In Smith v. EVB, 2011 WL 2689061 (4th Cir. 2011), the Court of Appeals found a mixed-use commercial/consumer debt to possibly be subject to the FDCPA.  The loan transactions were as follows:

According to Smith, the purpose of the 2004 loan was the purchase and ownership of Smith’s per-sonal residence (“the Wilton House”). Smith con-tends that he created Piedmont for the sole purpose of obtaining the loan and owning the property (“the Wilton Plat”) on which the Wilton House sat. Al-though the 2004 loan was made to Piedmont, it was secured by an interest in Smith’s residence.
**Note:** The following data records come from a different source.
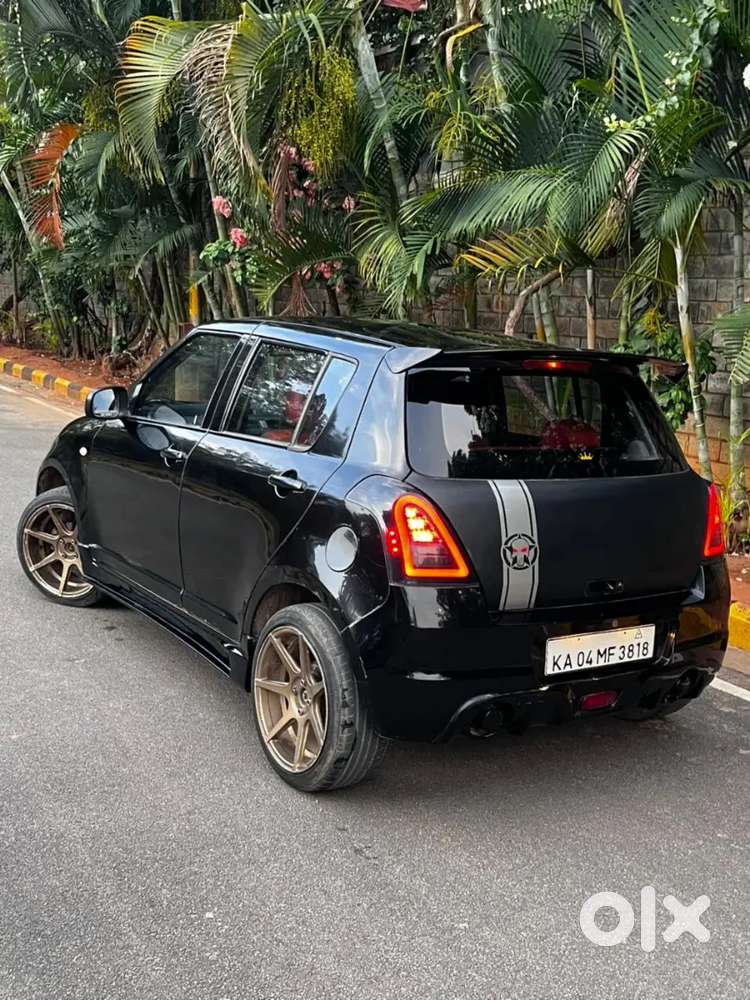 Maruti Suzuki Dzire 2008 Petrol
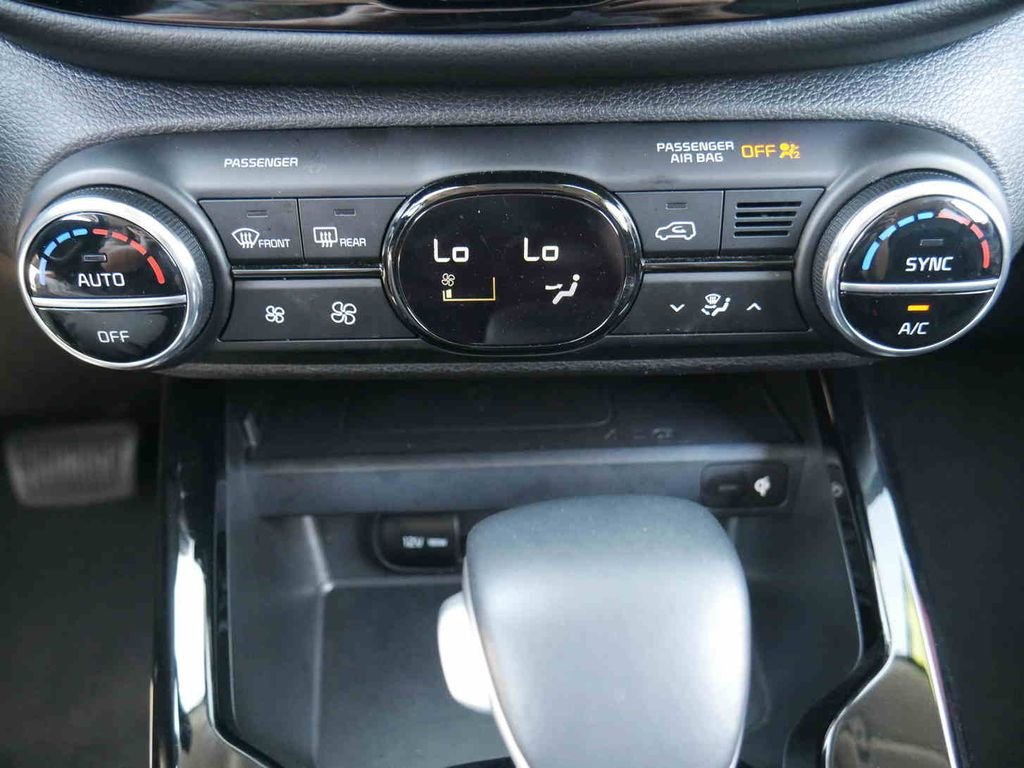 Used 2024 Black Kia GT-Line image 27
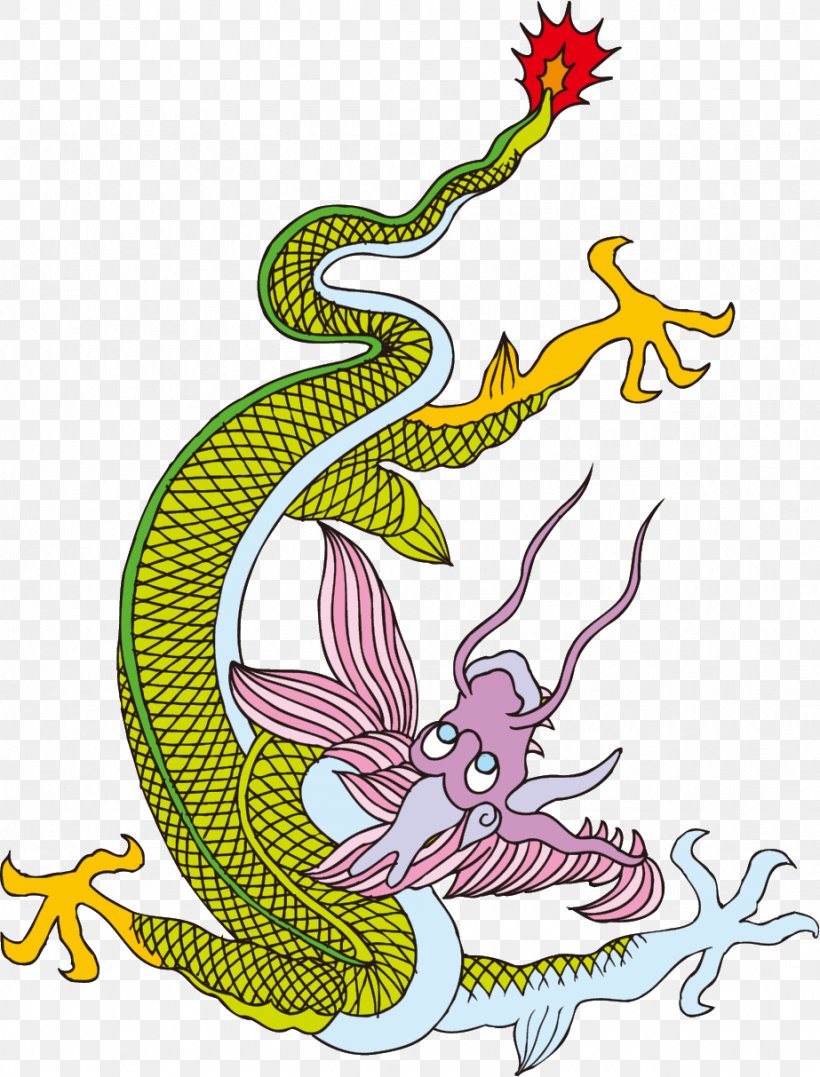 China Dragon Clip Art, PNG, 923x1213px, China, Art, Artwork, Chinese, Chinese Mythology Download Free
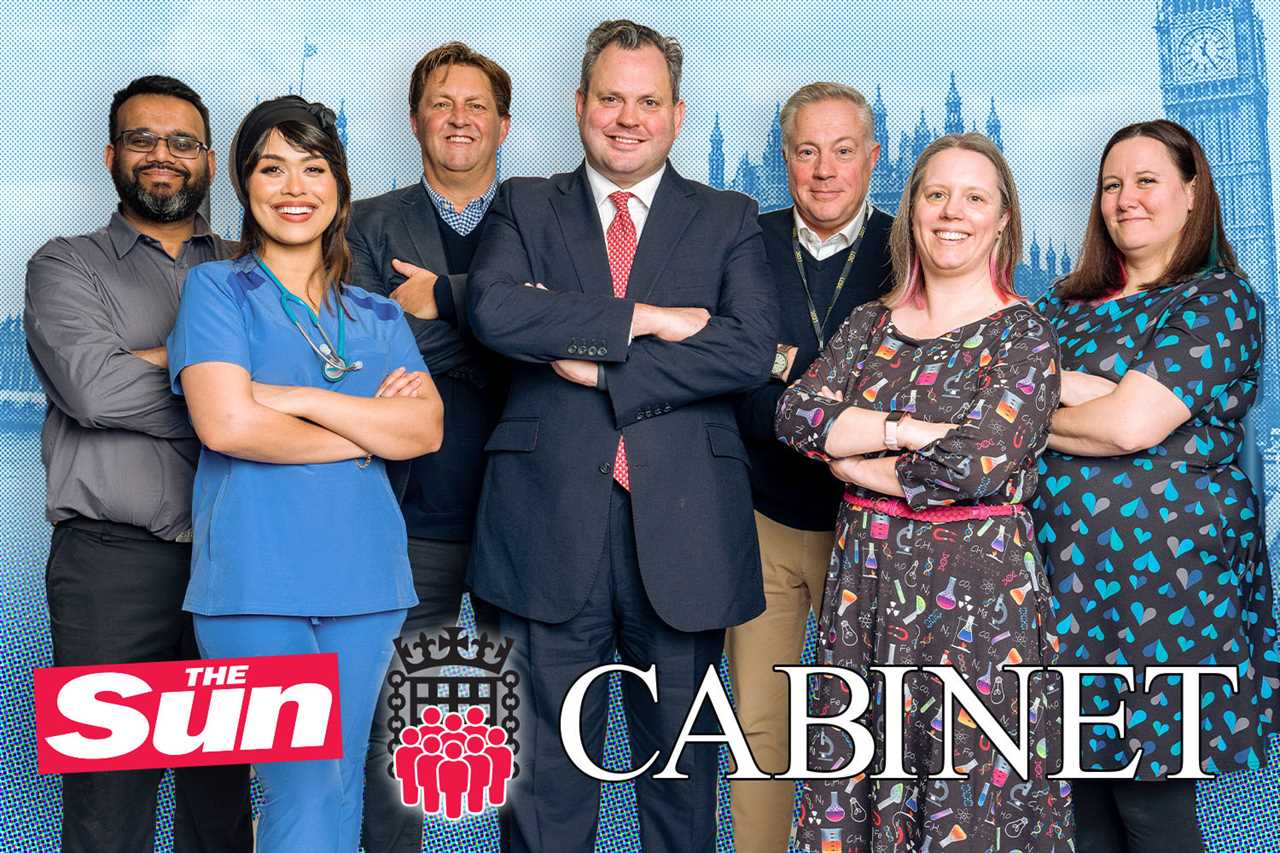 The Sun’s Cabinet: Real-World Experience in British Politics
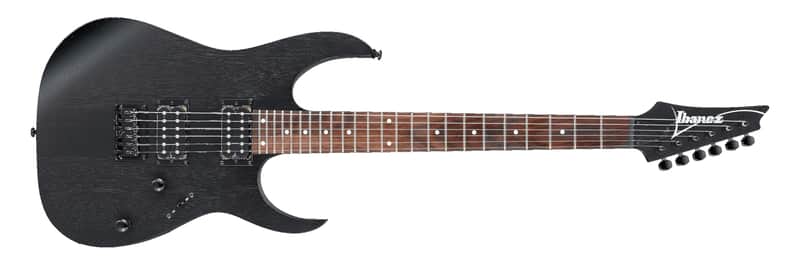 Ibanez RGRT421WK Electric Guitar image 1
Accord-ing to Smith and his accountant, Piedmont has never conducted any other commercial activity and its sole function was to hold the property Smith used as his residence.  In 2006, Smith personally obtained a second loan (the “2006 loan”) from BOG for $250,000. The DRA accompanying this loan stated that it was primarily for personal, family, or household purposes. Smith used $200,000 of the 2006 loan to pay off the balance of the 2004 loan. It is undisputed that Smith has al-ways represented that the 2006 loan was for personal purposes. In 2008, BOG assigned the 2006 loan to EVB. EVB and its substitute trustee, Archie Berkeley, claimed that Smith defaulted on his obligations under the note and Smith claims that EVB and Berkeley threatened foreclosure of the Wilton Plat. Smith brought a complaint against EVB and Berkeley under the Fair Debt Collection Practices Act (“FDCPA”), 15 U.S.C. §§ 1692–1692p (2006). He claimed in his complaint that EVB and Berkeley failed to provide Smith with a copy of the assignment agreement, made threatening phone calls, and intentionally pub-lished a foreclosure notice that they knew to be based on false financial information.

The Court of Appeals found the facts stated an FDCPA claim:

In this case, the district court itself noted that the FDCPA is concerned “with the substance of the transaction as opposed to the form.” The “substance” of the 2006 loan, however, was clearly personal in nature. Even assuming that the 2004 loan was com-mercial, Smith took the 2006 loan out in his own name with the purpose of paying off the 2004 loan. As a practical matter, the 2006 loan allowed Smith to transfer the mortgage on his home from Piedmont to himself. Indeed, Smith represented to BOG in 2006 that the loan was for personal use, and the record is uncontroverted that the loan had a entirely personal purpose—essentially taking over the debt on Smith’s home.  On appeal, EVB repeatedly emphasizes that the 2004 loan was a business transaction. This argument misses the mark by ignoring the purposes of the 2006 loan. Although related to a purported business trans-action, the 2006 loan concerned Smith’s personal finances, his personal residence, and was taken out in his own name. In other words, it was a personal loan.